▶ [ABOUT THIS TASK]: Please give back word for word the lines below, from the first one through the one with "Son CHANEL Rouge".

▶ [DATA FOR THIS TASK]:
************

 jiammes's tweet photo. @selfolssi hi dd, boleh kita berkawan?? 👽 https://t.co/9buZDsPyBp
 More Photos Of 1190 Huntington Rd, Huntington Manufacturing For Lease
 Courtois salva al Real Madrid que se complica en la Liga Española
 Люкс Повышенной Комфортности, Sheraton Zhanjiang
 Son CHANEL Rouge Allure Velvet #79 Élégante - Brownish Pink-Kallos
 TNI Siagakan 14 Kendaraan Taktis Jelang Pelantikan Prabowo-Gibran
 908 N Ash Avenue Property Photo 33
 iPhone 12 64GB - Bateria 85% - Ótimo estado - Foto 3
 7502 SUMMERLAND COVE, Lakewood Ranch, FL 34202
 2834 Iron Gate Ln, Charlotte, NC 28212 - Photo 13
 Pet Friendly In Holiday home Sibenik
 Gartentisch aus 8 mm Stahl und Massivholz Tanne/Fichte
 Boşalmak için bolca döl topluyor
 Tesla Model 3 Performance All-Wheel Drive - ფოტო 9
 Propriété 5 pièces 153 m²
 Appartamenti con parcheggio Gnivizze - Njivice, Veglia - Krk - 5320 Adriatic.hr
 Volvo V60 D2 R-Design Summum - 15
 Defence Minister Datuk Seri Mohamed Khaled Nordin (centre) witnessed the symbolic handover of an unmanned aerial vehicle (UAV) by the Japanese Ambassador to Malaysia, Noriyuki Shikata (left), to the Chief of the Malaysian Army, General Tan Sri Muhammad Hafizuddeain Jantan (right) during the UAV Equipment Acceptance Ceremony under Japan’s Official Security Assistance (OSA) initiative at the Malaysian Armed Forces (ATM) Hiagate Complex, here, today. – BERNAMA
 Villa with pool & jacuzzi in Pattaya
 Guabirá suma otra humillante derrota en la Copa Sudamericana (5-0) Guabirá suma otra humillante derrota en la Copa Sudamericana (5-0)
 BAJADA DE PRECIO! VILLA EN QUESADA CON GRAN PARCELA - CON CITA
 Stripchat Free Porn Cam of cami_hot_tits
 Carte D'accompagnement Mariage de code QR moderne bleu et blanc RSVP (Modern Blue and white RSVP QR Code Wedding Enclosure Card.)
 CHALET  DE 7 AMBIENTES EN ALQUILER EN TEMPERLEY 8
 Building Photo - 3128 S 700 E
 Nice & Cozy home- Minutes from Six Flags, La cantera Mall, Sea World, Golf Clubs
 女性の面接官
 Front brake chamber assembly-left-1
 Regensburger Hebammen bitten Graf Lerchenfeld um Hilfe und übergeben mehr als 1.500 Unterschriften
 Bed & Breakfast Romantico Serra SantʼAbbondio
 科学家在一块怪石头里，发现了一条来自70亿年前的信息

************

▶ [WRITTEN SOLUTION]:
 jiammes's tweet photo. @selfolssi hi dd, boleh kita berkawan?? 👽 https://t.co/9buZDsPyBp
 More Photos Of 1190 Huntington Rd, Huntington Manufacturing For Lease
 Courtois salva al Real Madrid que se complica en la Liga Española
 Люкс Повышенной Комфортности, Sheraton Zhanjiang
 Son CHANEL Rouge Allure Velvet #79 Élégante - Brownish Pink-Kallos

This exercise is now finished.